The adventure is fairly easy to run (as should be for a starter set), and is made up of 7 encounters. Beware if you plan to run this though, as there is a way to avoid going through all the encounters and reaching the final boss, Kalare–oops, his cousin Malareth or something like that… and that’s the path that my players took.
They beat the adventure after just 3 encounters, which worked out nicely for me, since I was running it fairly late at night and was tired, but I wonder about the design of the adventure and leaving all those other encounters open to never having to be faced.
There were some goofy moments, like a white dragon inside a small room in the dungeon… the zombie hulk who instead of protecting the final necromancer dropped by way of a critical in the first round… but we had fun.
I did feel that the players breezed their way through the encounters, but overall everyone had a good time. I guess I can take the tokens out and put the box away, I can’t foresee when I’ll run it again, as the adventure is a little on the boring side (but fine for an intro I guess).
This isn’t a review of the box, I did that already.

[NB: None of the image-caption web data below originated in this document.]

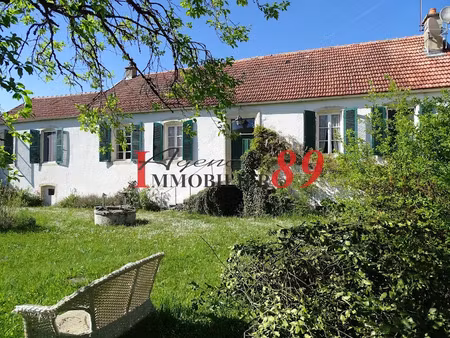 vente maison 5 pièces 115 m² à chatillon-sur-seine (21400)  149 000 €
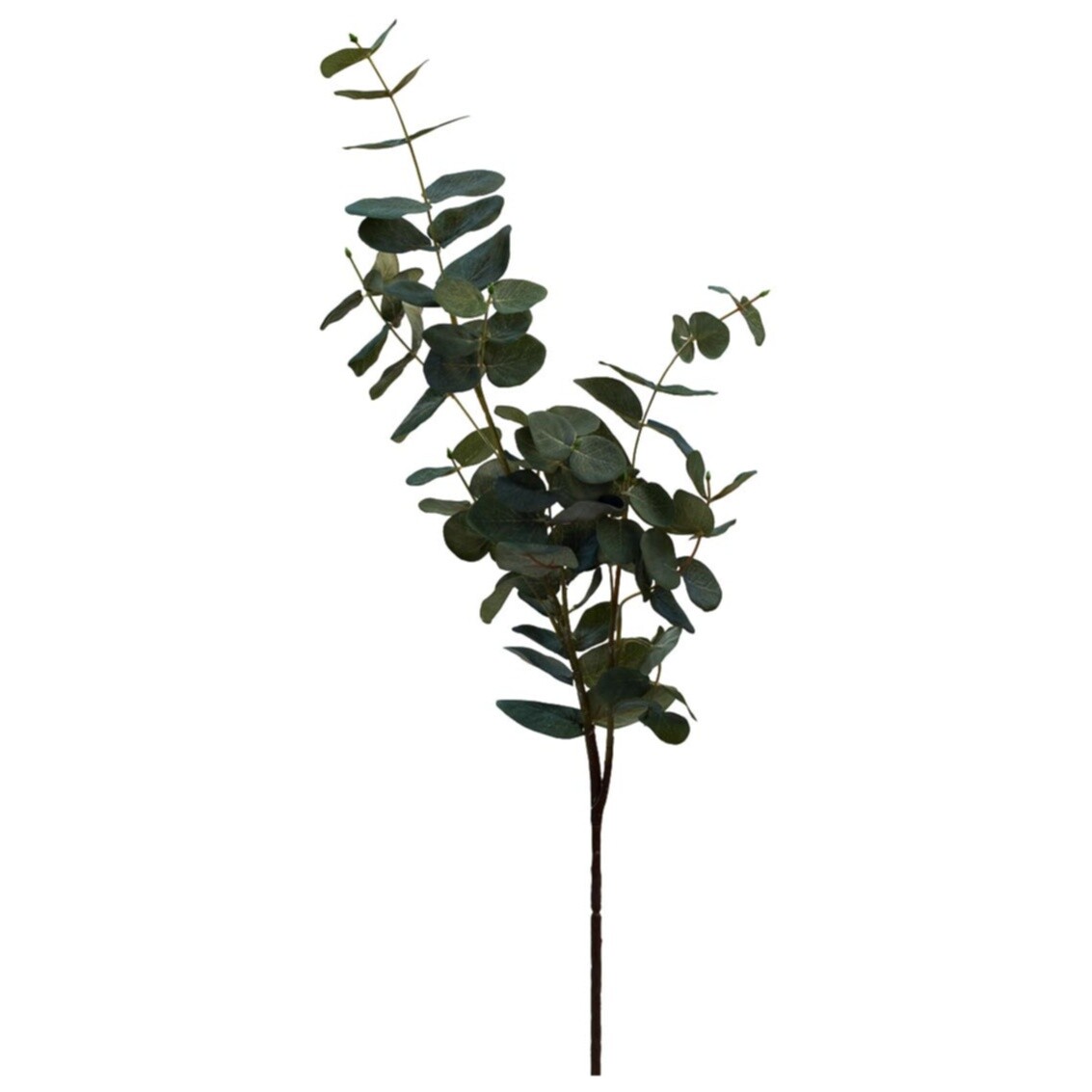 Искусственное растение &quot;Листья эвкалипта&quot; 90 см (24)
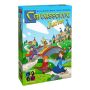 Stalo žaidimas Brain Games Carcassonne Junior BRG#CCJR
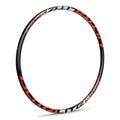 IKON ALLOY 20" RIM 451x19.5 28H NO BRAKE SURFACE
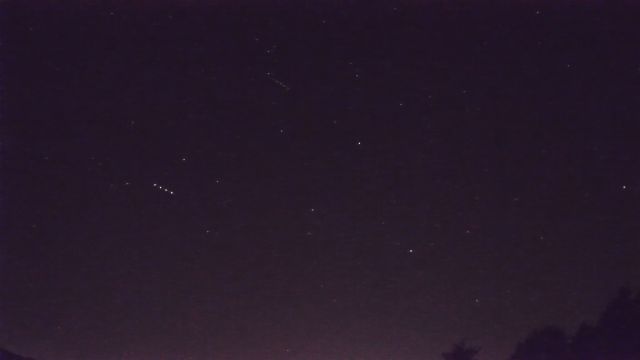 AMS78 meteor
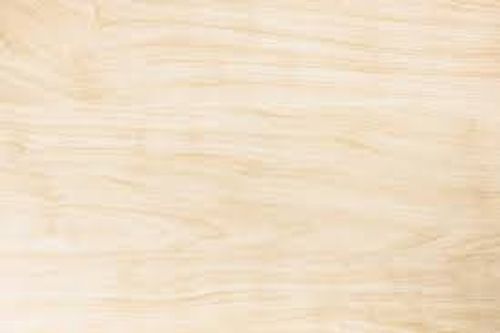 Smooth Finish Good Resistance And Excellent Hardwood Maple Plywood 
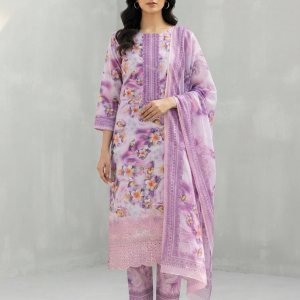 মার্শাল সিল্ক লাক্স গোলাপি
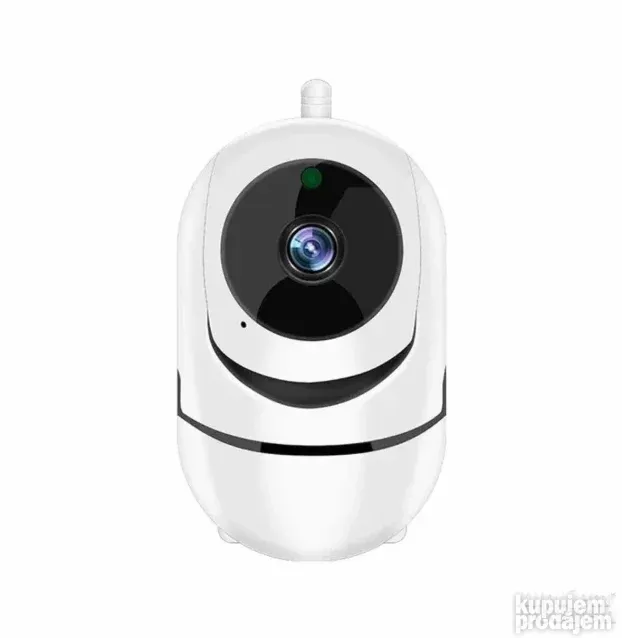 WiFi kamera pingvin smart mini kamera unutrasnja kamera ip
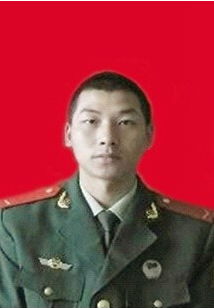 杨钢 8 12天津滨海新区爆炸事故牺牲战士 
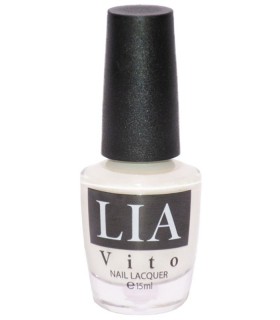 Lia Vito Nail Lacquer Raffaello 070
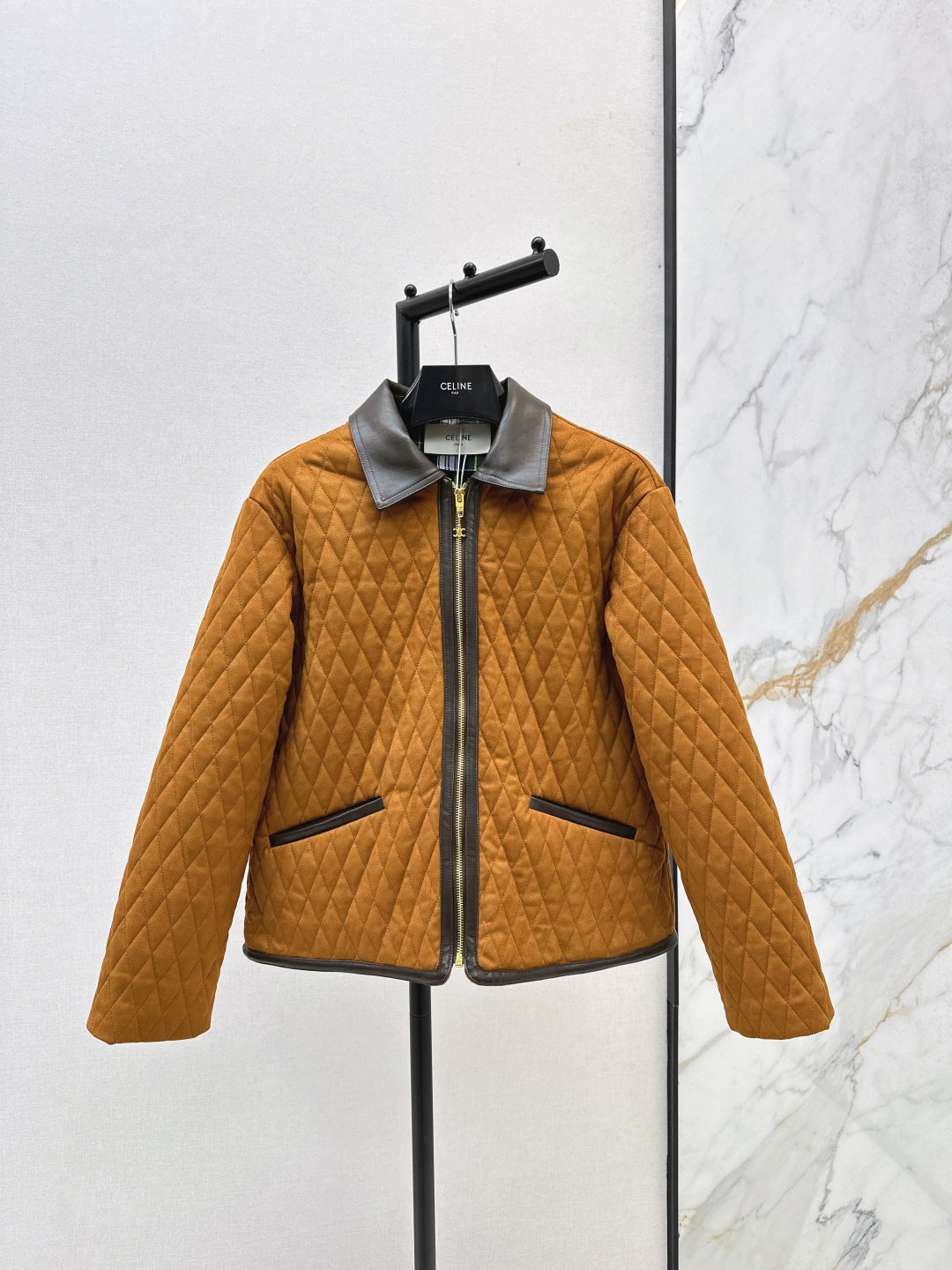 Ce1n NEW suede jacket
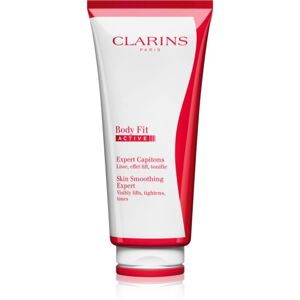 Clarins Body Fit Skin Smoothing Expert spevňujúci krém proti celulitíde 200 ml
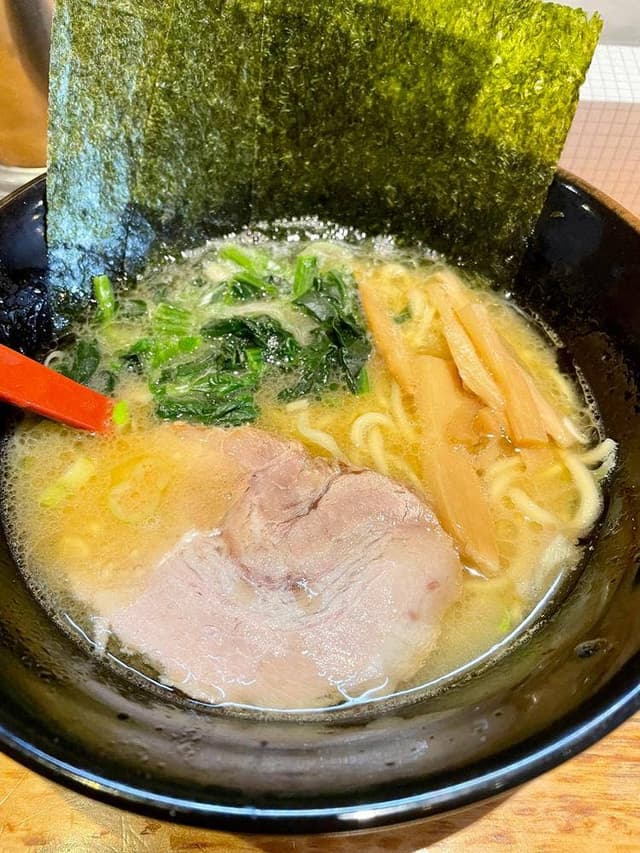 横浜家系ラーメン 大館家 - サブ画像2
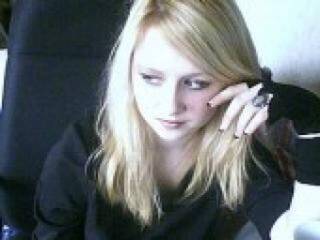 Erotyczny czat wideo gothicsun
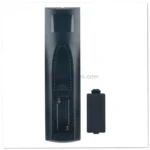 JVC RM-SDR106U RM-SDR108U Remote Control - Image 4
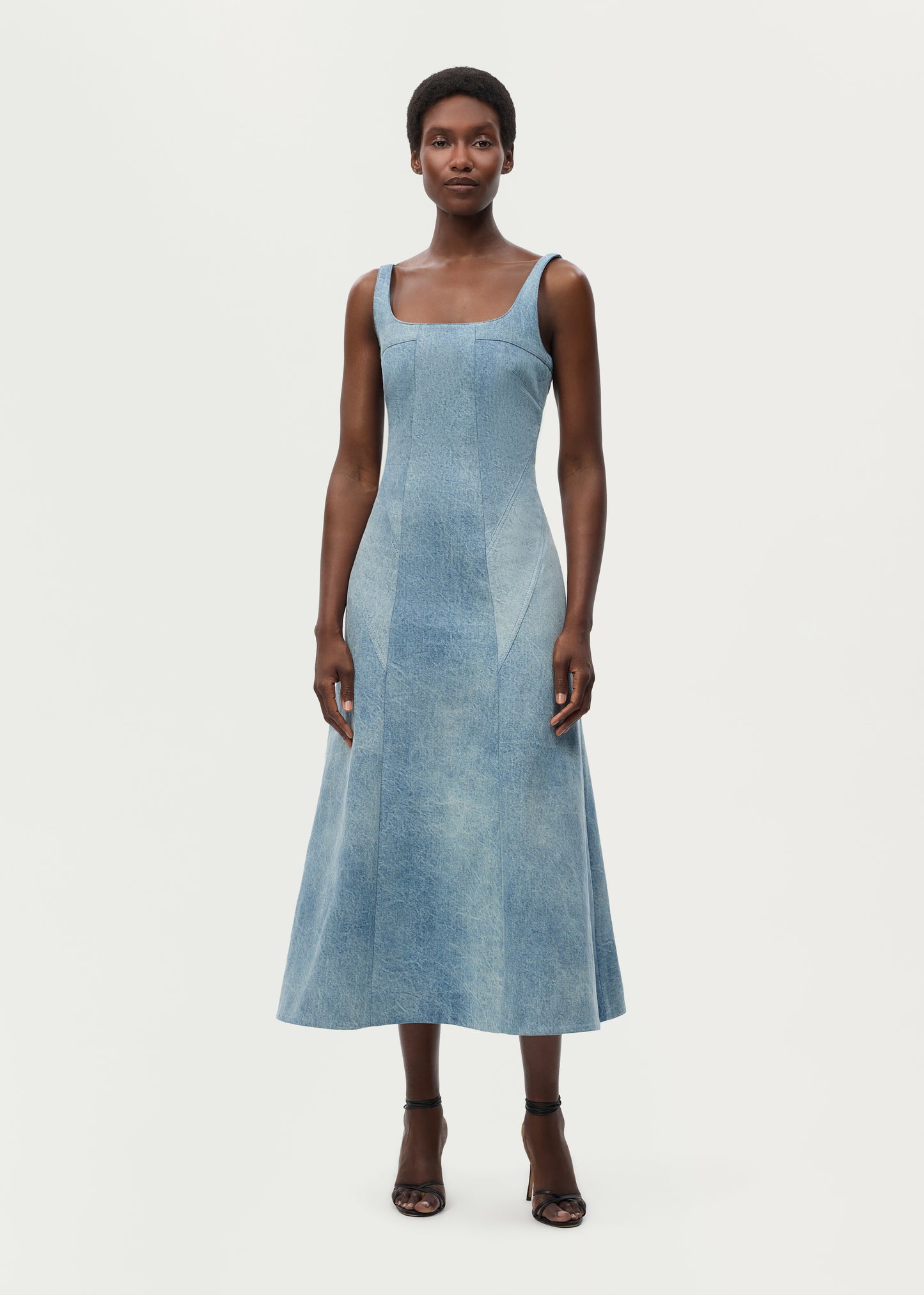 keegan dress DRESSES Adam Lippes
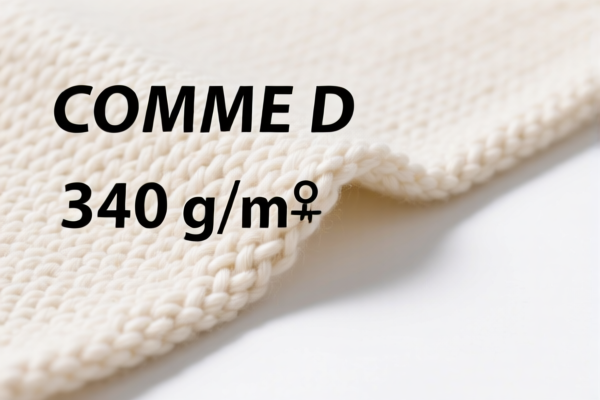 Image for Combed Wool Woven Fabrics (≥85% Wool) Average Fiber Diameter ≤18.5μm Containing Fine Animal Hair >340 g/m²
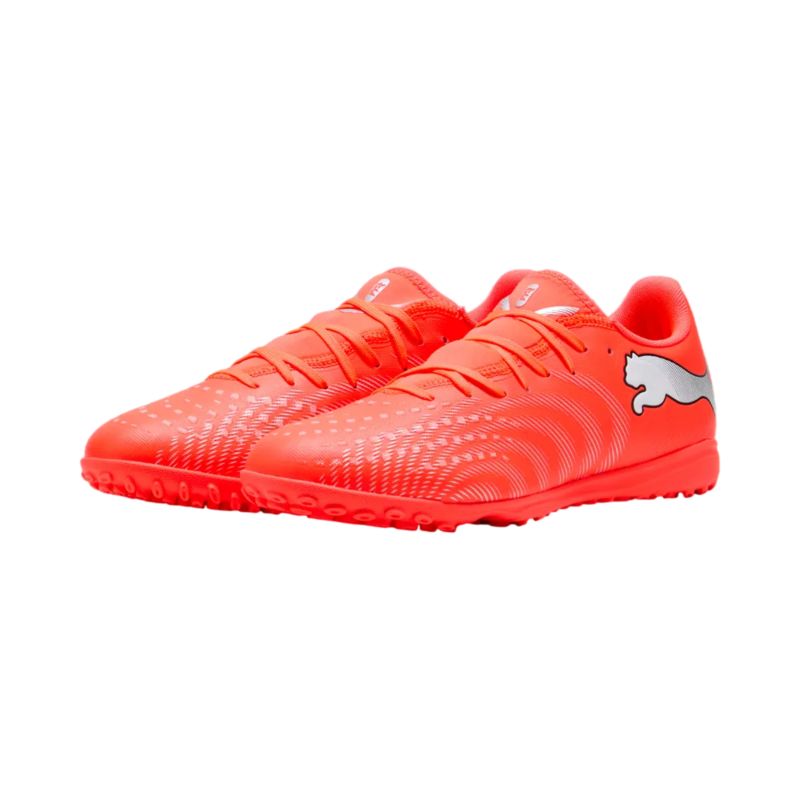 Puma FUTURE 9 PLAY TT Fußballschuh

This is just to say that yes, I ran it, and yes it was fun for what it was.
Rasmus
October 7, 2010
I’m currently playing it as an “Encounters” style game, 1-2 encounters every Monday with a small group, and I completely agree with your observations. We’re 3 encounters in, it’s easy and fun. And totally silly. But in a good way.
Level1Gamer
October 7, 2010
When I looked over the adventure, I thought it was decent. I did notice that you could end up bypassing several of the encounters. I think the dungeon would benefit from adding several extra rooms. I wouldn’t add any extra encounters, but a few rooms that have some interesting elements to explore. Maybe a room or two with traps. It would make for a more interesting dungeon and round out the experience a little more.
I do like the conflict between the dragon and the wizard. It makes for some interesting RP possibilities with the dragon and wizard.
Mark Gottselig
October 7, 2010
As a note, there’s a version of the game table specifically for 4E- Virtual Daivve. It allows easy access to 4E statuses, stats, and dice macros, auras, difficulty terrain markers, etc. It’s much nicer than the generic Gametable. I use it in 3 campaigns and we all love it.
Gilvan Blight
October 8, 2010
It could have been very easy due to the fact that the game day chracters are level 2 and you ran them though a level 1 adventure. Remember that level 2 is an even level so pretty much everything the characters do gets +1. Also they have utility powers they wouldn’t have had at level 1.
Hobbit Hubby
October 8, 2010
How did running it over Gametable? I’ve never used it as a DM or player.
Charles Ryan
October 14, 2010
What did you think about the way skill challenges are presented in the Red Box? Was there a skill challenge in the adventure as you ran it?